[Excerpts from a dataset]
------
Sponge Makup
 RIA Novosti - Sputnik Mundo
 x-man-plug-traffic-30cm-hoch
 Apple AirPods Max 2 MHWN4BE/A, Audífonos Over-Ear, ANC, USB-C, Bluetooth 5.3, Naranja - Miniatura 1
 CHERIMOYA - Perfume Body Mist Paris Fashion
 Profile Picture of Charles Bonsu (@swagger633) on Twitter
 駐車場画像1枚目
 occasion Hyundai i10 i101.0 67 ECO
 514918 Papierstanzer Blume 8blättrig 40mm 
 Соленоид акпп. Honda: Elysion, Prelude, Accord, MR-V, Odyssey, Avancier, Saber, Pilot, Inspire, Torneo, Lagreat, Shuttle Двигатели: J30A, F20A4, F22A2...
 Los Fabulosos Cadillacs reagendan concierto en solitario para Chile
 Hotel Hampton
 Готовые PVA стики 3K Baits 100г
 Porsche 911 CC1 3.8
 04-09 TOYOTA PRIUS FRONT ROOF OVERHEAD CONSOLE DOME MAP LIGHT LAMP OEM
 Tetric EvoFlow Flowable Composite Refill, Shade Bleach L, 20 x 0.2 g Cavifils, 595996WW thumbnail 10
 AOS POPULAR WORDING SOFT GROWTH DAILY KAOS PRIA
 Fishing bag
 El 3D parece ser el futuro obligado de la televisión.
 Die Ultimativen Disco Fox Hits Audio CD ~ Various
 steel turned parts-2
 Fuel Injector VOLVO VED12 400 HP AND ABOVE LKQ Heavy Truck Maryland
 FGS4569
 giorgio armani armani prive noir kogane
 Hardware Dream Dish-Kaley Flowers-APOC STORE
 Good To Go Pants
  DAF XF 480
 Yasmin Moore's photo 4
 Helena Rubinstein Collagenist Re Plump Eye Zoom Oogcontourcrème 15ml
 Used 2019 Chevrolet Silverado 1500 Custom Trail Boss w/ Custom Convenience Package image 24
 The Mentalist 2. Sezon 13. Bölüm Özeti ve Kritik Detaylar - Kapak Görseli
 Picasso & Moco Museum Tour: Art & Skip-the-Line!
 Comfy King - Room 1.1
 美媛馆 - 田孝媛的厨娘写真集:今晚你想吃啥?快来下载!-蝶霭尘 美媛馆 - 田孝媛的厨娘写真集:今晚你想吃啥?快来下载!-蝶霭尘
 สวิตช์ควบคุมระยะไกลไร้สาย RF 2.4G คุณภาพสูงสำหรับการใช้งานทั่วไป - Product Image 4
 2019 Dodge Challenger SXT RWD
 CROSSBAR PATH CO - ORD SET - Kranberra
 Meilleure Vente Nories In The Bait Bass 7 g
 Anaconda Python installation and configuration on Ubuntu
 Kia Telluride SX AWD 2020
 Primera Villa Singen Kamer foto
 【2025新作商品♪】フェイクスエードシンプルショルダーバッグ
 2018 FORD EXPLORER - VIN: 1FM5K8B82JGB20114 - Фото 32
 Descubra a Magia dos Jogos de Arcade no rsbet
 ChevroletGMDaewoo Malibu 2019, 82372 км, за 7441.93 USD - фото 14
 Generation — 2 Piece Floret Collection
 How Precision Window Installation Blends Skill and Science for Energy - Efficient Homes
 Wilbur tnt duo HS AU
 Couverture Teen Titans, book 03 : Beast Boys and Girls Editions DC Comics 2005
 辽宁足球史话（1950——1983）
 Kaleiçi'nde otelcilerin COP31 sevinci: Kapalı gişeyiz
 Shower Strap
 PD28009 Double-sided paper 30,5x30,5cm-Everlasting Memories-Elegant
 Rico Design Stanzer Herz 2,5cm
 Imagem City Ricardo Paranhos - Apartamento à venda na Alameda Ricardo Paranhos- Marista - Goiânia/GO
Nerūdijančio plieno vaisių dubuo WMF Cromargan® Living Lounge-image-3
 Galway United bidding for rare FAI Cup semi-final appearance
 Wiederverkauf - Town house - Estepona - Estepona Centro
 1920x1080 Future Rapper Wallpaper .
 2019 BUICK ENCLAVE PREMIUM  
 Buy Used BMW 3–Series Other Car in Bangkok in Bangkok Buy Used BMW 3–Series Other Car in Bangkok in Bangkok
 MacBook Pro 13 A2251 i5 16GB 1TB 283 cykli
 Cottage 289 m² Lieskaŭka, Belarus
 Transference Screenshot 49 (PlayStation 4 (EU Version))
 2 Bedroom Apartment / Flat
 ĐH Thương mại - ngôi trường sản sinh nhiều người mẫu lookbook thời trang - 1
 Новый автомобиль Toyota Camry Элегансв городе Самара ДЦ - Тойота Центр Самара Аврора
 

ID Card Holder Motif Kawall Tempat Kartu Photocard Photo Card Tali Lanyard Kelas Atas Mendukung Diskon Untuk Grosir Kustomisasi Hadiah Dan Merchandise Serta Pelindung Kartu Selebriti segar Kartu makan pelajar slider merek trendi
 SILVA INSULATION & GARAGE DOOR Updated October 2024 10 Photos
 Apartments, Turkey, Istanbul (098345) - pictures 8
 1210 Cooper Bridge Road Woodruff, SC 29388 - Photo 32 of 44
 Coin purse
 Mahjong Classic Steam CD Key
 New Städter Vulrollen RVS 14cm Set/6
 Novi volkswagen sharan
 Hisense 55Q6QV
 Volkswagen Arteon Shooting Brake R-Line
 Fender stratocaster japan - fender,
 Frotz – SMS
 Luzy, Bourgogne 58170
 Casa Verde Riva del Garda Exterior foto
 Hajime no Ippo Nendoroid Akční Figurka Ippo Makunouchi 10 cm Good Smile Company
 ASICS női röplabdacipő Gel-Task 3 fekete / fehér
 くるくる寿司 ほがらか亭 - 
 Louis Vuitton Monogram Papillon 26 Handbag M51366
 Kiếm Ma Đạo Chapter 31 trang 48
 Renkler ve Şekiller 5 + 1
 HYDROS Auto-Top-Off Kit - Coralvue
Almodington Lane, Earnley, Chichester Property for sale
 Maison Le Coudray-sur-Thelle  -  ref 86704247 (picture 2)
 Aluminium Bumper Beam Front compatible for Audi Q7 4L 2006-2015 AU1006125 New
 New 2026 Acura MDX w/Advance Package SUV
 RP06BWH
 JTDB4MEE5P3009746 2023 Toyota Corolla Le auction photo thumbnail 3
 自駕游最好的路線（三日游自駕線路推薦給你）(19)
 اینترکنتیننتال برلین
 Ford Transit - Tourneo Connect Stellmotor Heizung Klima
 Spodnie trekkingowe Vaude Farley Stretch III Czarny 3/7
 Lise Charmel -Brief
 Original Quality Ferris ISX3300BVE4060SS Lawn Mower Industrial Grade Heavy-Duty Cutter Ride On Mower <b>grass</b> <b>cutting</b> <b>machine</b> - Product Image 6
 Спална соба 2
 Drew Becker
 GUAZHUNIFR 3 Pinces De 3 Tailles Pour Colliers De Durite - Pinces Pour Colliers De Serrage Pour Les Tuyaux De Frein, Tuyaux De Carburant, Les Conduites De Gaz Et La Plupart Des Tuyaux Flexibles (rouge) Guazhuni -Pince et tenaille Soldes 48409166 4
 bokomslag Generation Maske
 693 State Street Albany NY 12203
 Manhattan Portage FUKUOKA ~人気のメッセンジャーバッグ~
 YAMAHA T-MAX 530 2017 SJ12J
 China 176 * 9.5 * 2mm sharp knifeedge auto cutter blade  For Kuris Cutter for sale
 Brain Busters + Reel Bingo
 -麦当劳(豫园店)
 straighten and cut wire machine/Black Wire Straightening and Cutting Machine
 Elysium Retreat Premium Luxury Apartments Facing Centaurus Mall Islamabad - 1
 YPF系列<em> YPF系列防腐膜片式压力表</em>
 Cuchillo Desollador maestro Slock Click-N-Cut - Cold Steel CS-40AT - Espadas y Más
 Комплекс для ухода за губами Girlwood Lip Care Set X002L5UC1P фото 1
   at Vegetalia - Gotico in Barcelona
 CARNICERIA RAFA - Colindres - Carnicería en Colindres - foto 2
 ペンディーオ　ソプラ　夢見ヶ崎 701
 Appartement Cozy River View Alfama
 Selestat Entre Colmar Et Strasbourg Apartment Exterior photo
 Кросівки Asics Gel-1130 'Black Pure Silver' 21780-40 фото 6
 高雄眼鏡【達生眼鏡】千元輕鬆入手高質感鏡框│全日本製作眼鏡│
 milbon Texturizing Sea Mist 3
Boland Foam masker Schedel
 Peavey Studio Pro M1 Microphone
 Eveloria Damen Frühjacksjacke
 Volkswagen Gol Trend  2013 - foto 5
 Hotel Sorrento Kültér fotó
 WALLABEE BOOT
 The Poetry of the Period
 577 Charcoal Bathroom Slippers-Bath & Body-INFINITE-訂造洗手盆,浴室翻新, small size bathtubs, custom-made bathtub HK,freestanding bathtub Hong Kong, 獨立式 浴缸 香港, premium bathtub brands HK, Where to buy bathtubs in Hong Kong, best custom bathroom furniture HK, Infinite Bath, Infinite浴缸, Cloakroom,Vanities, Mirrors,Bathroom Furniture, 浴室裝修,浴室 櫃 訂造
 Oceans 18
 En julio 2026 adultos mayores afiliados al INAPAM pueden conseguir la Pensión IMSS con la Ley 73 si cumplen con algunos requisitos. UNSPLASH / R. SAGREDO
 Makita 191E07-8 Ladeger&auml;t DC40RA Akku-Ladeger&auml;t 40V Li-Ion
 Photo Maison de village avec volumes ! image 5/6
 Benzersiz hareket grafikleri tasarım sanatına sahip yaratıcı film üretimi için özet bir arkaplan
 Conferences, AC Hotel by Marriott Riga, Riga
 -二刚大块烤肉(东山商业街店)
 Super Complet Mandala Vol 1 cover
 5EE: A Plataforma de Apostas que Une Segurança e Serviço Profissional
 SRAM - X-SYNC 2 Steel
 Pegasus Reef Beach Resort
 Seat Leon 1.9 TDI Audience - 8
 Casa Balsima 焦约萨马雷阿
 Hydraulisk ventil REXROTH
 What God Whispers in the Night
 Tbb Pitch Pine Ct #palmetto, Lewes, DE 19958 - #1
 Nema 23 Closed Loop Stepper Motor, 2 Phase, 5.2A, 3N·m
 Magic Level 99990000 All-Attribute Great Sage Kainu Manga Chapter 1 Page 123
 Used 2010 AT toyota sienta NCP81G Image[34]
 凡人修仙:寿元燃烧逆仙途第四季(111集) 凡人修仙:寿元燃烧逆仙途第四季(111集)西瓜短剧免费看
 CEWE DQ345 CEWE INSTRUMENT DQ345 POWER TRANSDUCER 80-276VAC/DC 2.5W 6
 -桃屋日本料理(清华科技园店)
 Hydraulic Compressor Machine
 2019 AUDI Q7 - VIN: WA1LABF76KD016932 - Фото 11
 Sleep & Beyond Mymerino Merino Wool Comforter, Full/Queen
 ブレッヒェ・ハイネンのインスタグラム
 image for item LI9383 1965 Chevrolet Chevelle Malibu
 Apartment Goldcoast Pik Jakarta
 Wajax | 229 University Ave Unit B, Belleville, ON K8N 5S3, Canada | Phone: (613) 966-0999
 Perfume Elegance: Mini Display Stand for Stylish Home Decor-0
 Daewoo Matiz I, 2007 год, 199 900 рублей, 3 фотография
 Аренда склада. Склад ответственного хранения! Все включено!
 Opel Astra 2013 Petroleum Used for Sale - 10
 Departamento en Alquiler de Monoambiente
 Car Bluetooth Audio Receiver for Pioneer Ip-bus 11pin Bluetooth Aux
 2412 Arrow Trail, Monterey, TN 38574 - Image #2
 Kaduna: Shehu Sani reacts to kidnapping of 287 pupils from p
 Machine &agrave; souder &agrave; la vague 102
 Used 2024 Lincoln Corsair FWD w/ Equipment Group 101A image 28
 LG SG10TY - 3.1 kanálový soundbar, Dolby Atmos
------
__EXERCISE OBJECTIVE__:
Each line above from the one with "Cottage 289 m² Lieskaŭka, Belarus" up to and including the one with "HYDROS Auto-Top-Off Kit - Coralvue" must be set down exactly, and no line outside that span may appear.

__EXERCISE RESULT__:
 Cottage 289 m² Lieskaŭka, Belarus
 Transference Screenshot 49 (PlayStation 4 (EU Version))
 2 Bedroom Apartment / Flat
 ĐH Thương mại - ngôi trường sản sinh nhiều người mẫu lookbook thời trang - 1
 Новый автомобиль Toyota Camry Элегансв городе Самара ДЦ - Тойота Центр Самара Аврора
 

ID Card Holder Motif Kawall Tempat Kartu Photocard Photo Card Tali Lanyard Kelas Atas Mendukung Diskon Untuk Grosir Kustomisasi Hadiah Dan Merchandise Serta Pelindung Kartu Selebriti segar Kartu makan pelajar slider merek trendi
 SILVA INSULATION & GARAGE DOOR Updated October 2024 10 Photos
 Apartments, Turkey, Istanbul (098345) - pictures 8
 1210 Cooper Bridge Road Woodruff, SC 29388 - Photo 32 of 44
 Coin purse
 Mahjong Classic Steam CD Key
 New Städter Vulrollen RVS 14cm Set/6
 Novi volkswagen sharan
 Hisense 55Q6QV
 Volkswagen Arteon Shooting Brake R-Line
 Fender stratocaster japan - fender,
 Frotz – SMS
 Luzy, Bourgogne 58170
 Casa Verde Riva del Garda Exterior foto
 Hajime no Ippo Nendoroid Akční Figurka Ippo Makunouchi 10 cm Good Smile Company
 ASICS női röplabdacipő Gel-Task 3 fekete / fehér
 くるくる寿司 ほがらか亭 - 
 Louis Vuitton Monogram Papillon 26 Handbag M51366
 Kiếm Ma Đạo Chapter 31 trang 48
 Renkler ve Şekiller 5 + 1
 HYDROS Auto-Top-Off Kit - Coralvue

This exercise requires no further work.